Treasury Bonds fell sharply following stronger-than-expected jobs data Friday. The dip comes after several months of gains. The table is now set for volatility this week as Federal Reserve Chairman Jerome Powell delivers commentary to Congress Wednesday and Thursday. Inflation data is also worth watching.
Great Jobs Numbers Push Treasuries Down
Treasury bonds suffered their biggest losses in months Friday after the Labor Department said that the U.S. economy added 224,000 jobs in June. The headline number was well above economist estimates of 165,000. Meanwhile, the unemployment rate ticked up modestly to 3.7% from 3.6%, and hourly earnings rose 0.3%.
It was the 224,000 headline number that stunned economists and altered some rate expectations. It motivated selling in the Treasury market, sending the yield on the benchmark Ten-year, which moves opposite to the bond’s price, to a one-week high of 2.07%. The chart below shows the big drop Friday and the Ten-year treading water (holding a key June support level near 127) on Monday.
Figure 1: Ten-Year Treasury (September) Daily Chart
Holding Pattern Ahead of Chairman Powell’s Testimony
With a light economic calendar in the first half of the week, the tone of trading in the Treasury market might remain “wait-and-see” until testimony from Fed Chair Powell Wednesday and Thursday.
The head of the U.S. Central Bank has repeatedly said that the Federal Reserve makes decisions independently from the White House and financial markets. Indeed, rate cuts seem like an odd move given that unemployment is at 50-year lows and there have been no meaningful changes on the inflation front.

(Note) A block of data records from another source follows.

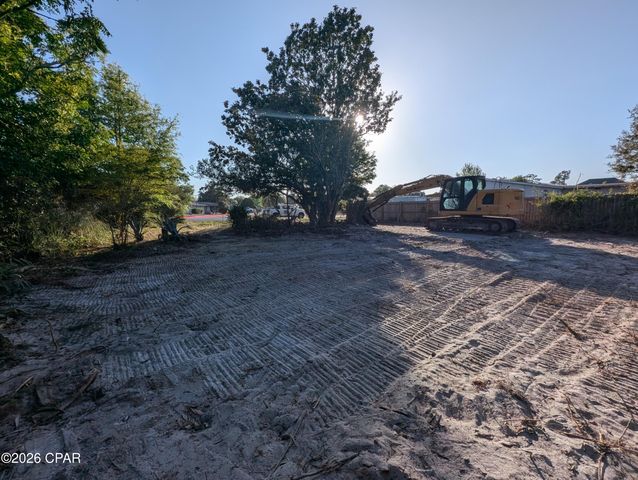 2334 Grand Oaks Lane, Panama City, FL 32408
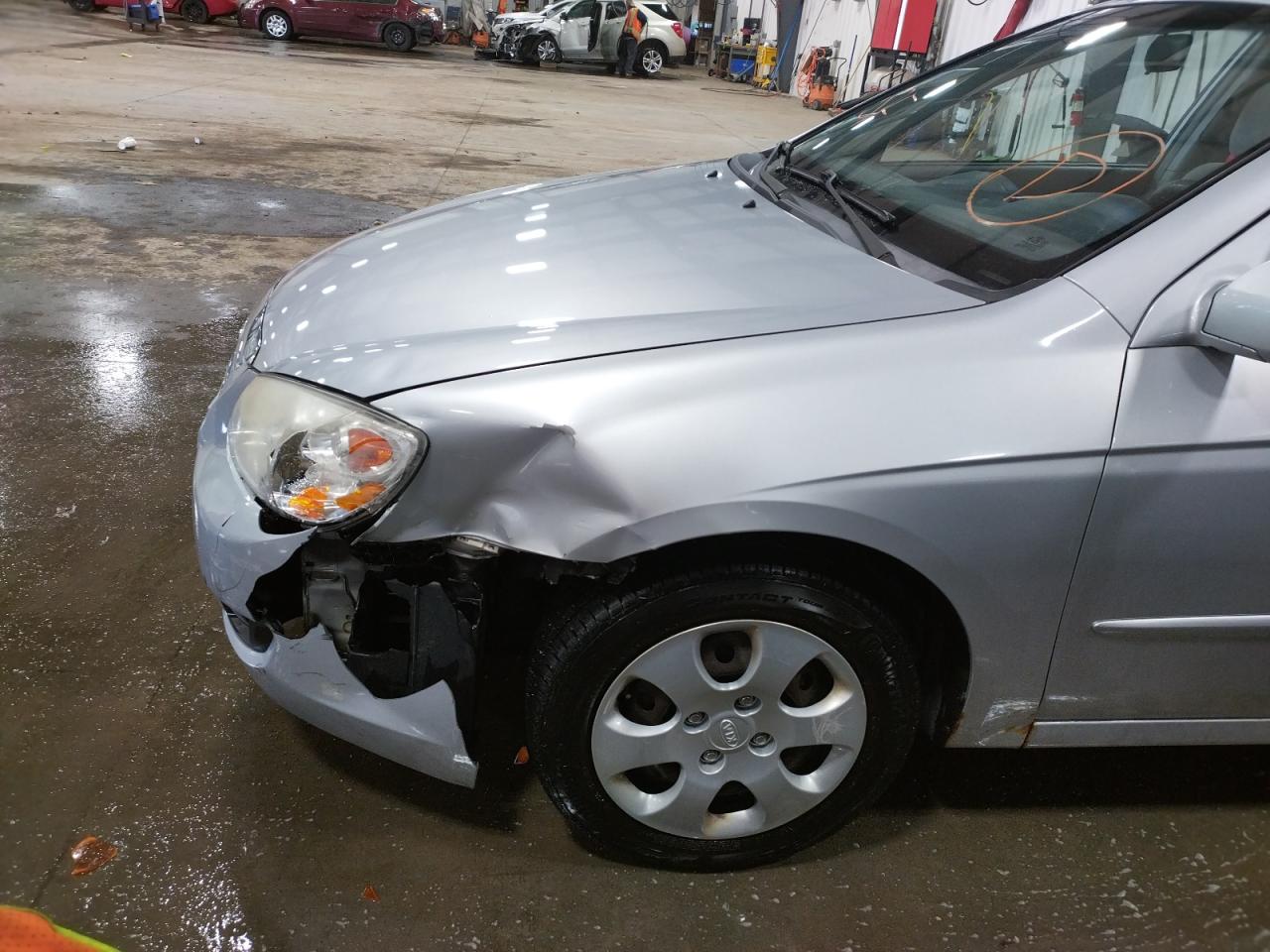 Photo 9 from auction – 2007 KIA SPECTRA EX with VIN KNAFE121X75414114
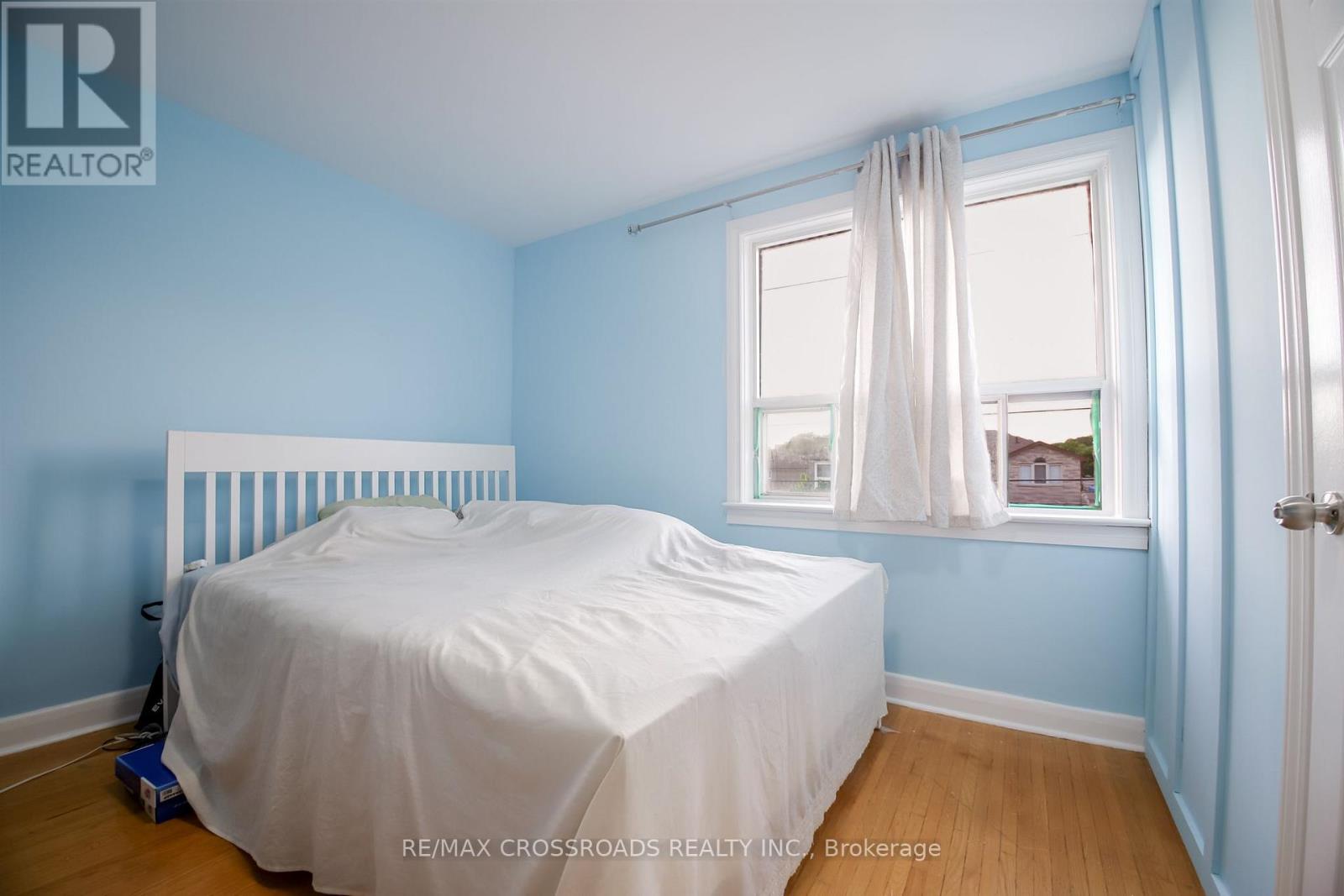 53 GILTSPUR DRIVE - 21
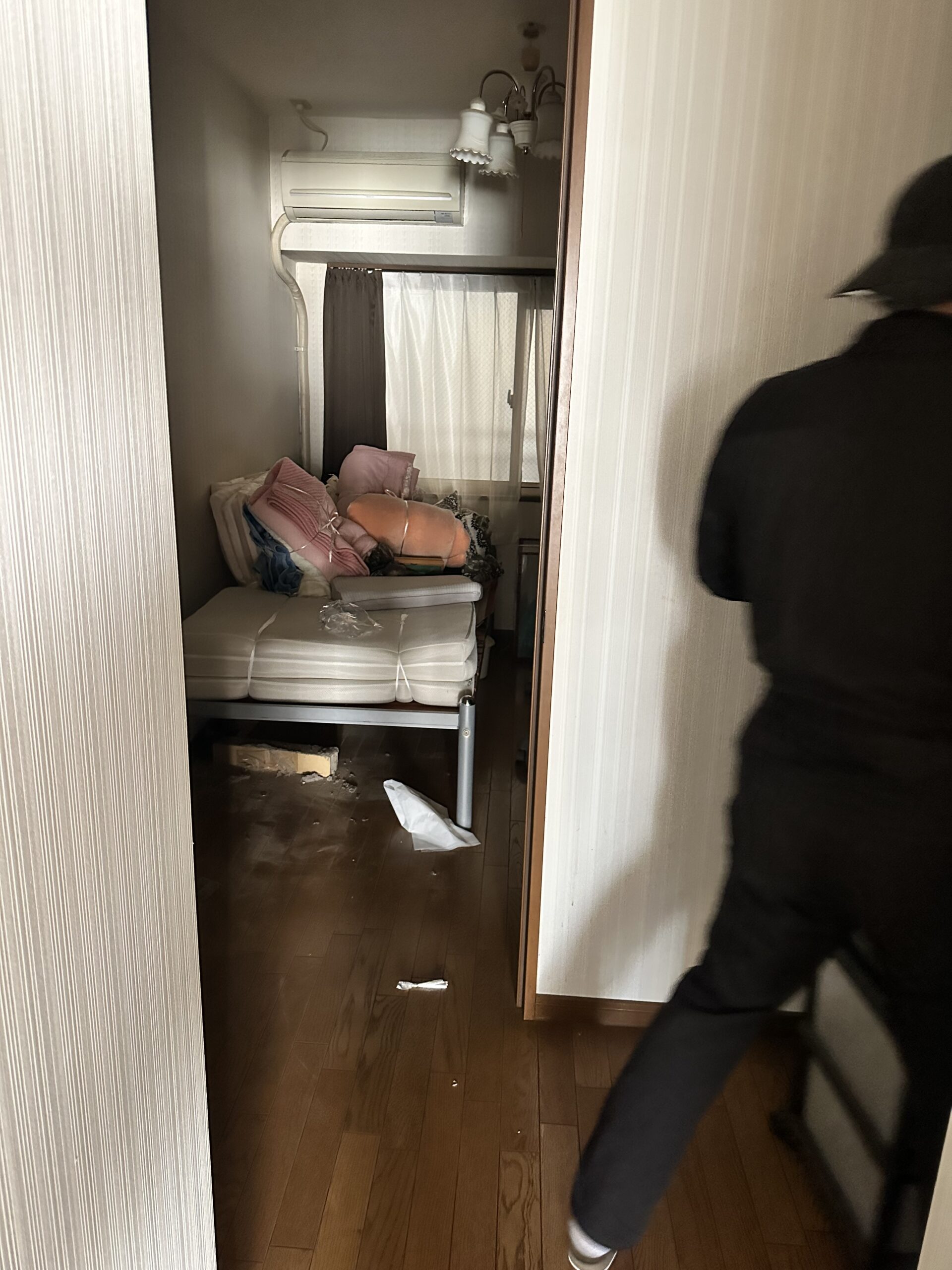 富山市内のマンションでの残置物処分を行いました。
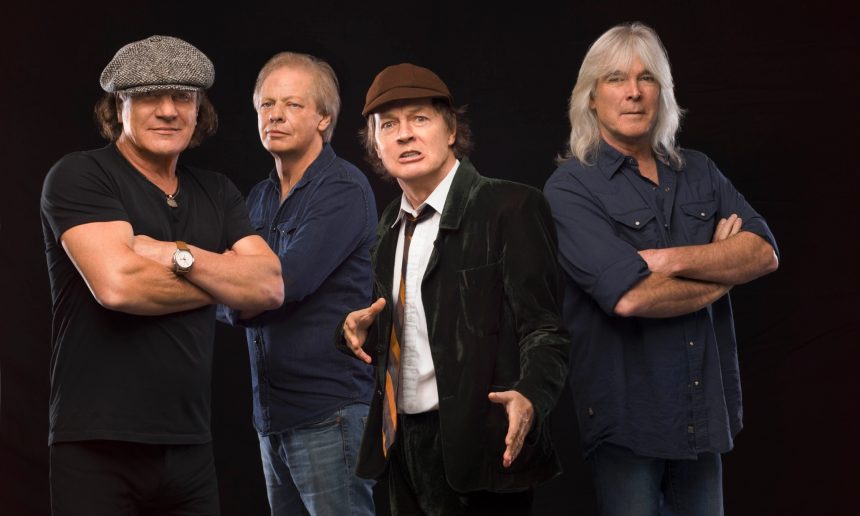 La afamada banda hardrock AC/DC lleva su poderío sonoro al videoclip de la canción «Demon Fire», de su última placa
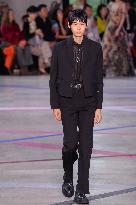 PFW - Shiatzy Chen Runway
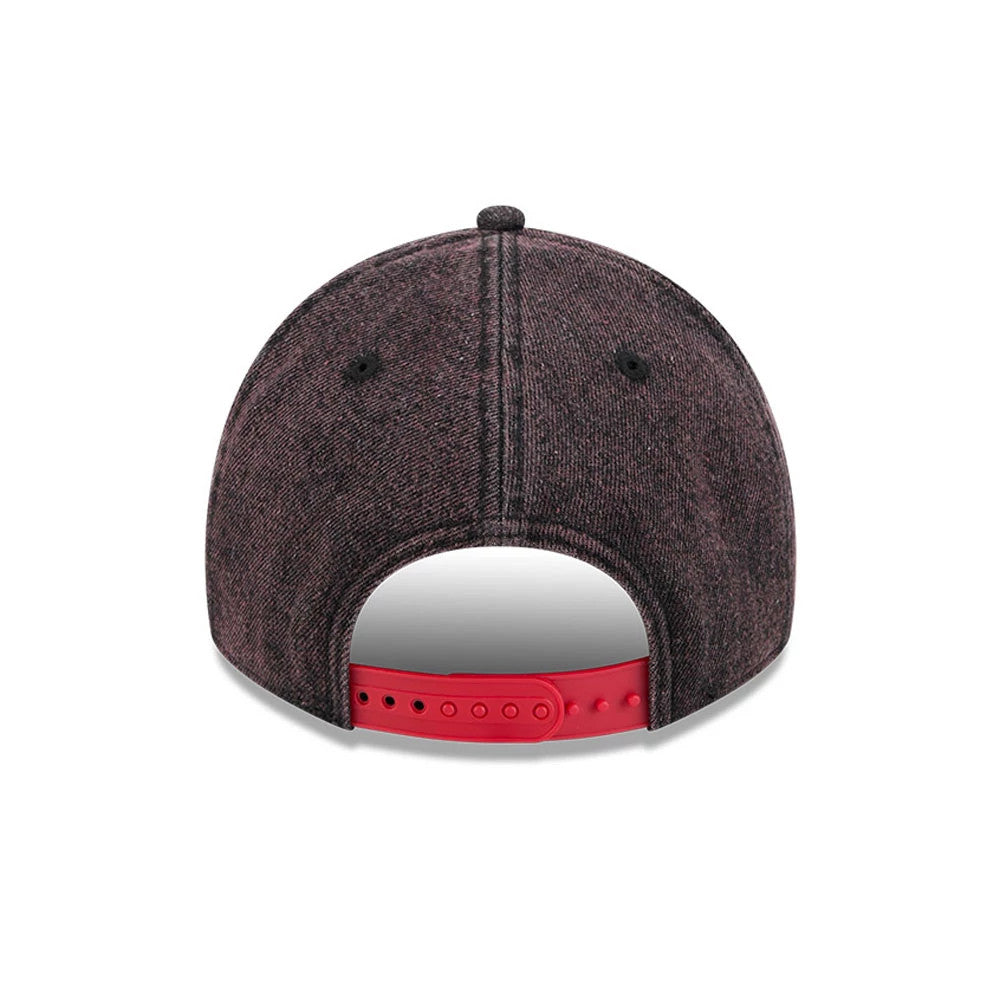Pictured is this MLB Overwash New York Yankees 9TWENTY A-Frame cap in Charcoal. 5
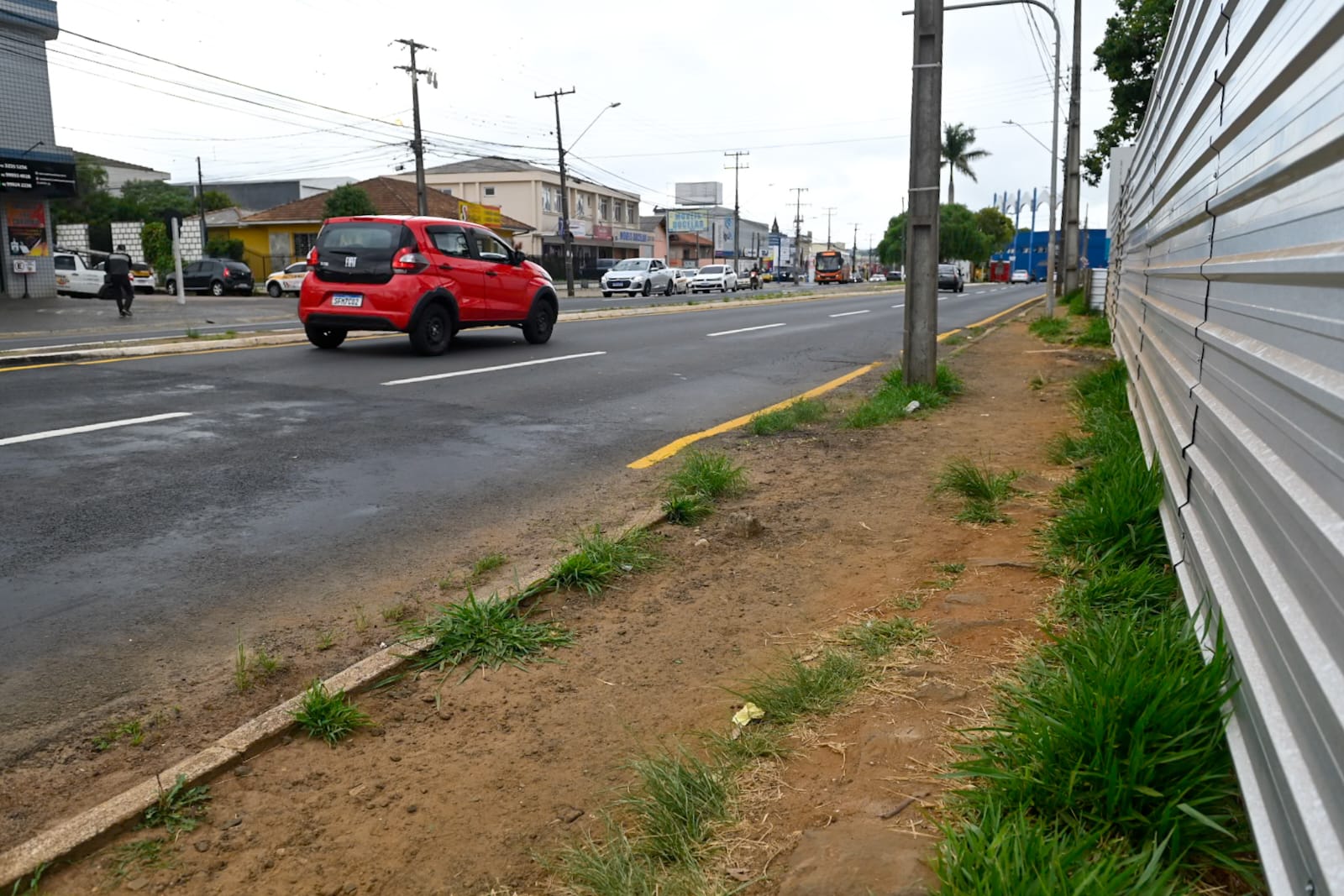 IPLAN intensifica fiscalização de calçadas e obras irregulares em Ponta Grossa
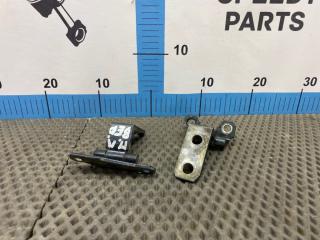 Запчасть петля двери передняя левая Toyota Crown 1993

But Powell is possibly feeling some heat as President Trump has consistently criticized Fed officials for not lowering rates. As recently as Sunday the Commander in Chief told reporters that, if the Fed “knew what it was doing,” it would lower rates. Trump believes that rate cuts will help spur economic growth and help offset some of the slowdown caused by the ongoing trade battle with China.
Two days earlier, on Friday, Trump went further, tweeting, "Our most difficult problem is not our competitors, it is the Federal Reserve," because, according to the president, the Fed "raised rates too soon, too often."
The Fed "doesn’t have a clue," according to Trump.
It’s not clear whether Trump’s comments will influence the Fed’s rate decisions at the next meeting in late July, but the market says there’s a high probability of a rate cut. According to the FedWatch tool on the CME Group website, there’s a 93% chance that officials will lower rates at the conclusion of the July 31 meeting. In addition, the market is priced for two – or maybe even three – rate cuts by year end.
Powell’s testimony to Congress will be an opportunity to throw cold water on aggressive rate cut hopes and, if so, it will trigger another round of selling in Treasuries. Time will tell.
Also worth watching: the release of minutes from the June meeting on Wednesday afternoon, then inflation data Thursday (CPI) and Friday (PPI).